## What is required:
Below are some records; quote exactly the lines from the one that contains "Creamy whipped ricotta cheese in bowl" through the one that contains "Chutters in Littleton, New", inclusive, and no others.

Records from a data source

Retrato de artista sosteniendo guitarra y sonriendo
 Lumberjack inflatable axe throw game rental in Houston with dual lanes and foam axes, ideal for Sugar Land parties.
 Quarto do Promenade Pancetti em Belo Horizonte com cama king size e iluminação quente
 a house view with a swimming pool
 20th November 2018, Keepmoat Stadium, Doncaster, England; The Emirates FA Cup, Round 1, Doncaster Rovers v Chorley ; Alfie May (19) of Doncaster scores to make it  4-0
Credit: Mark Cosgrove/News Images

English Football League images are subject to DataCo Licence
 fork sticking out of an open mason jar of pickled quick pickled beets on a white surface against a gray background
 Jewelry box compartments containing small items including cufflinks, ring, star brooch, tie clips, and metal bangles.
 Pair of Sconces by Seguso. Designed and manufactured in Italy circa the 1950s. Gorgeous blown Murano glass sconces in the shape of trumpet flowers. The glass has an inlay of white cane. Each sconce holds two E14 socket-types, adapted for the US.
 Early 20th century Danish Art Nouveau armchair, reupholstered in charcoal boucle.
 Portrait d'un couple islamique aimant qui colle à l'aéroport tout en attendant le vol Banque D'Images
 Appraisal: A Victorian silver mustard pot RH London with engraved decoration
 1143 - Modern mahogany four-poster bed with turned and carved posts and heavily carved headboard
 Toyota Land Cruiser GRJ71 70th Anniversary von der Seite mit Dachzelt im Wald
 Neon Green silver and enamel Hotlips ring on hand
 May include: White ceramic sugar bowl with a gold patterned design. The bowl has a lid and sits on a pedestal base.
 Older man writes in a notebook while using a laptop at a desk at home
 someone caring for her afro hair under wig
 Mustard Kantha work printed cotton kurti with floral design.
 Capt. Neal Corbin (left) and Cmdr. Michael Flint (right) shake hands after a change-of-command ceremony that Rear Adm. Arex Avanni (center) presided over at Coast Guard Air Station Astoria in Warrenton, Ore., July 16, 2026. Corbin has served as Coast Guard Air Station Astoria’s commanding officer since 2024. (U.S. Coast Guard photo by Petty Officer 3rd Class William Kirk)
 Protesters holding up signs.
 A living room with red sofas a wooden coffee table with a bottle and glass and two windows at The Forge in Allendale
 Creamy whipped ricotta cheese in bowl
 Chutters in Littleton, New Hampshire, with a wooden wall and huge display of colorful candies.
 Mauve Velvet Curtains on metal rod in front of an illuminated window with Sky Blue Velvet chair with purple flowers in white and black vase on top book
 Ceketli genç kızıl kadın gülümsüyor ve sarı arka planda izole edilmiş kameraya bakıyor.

## Answer to the problem:
 Creamy whipped ricotta cheese in bowl
 Chutters in Littleton, New Hampshire, with a wooden wall and huge display of colorful candies.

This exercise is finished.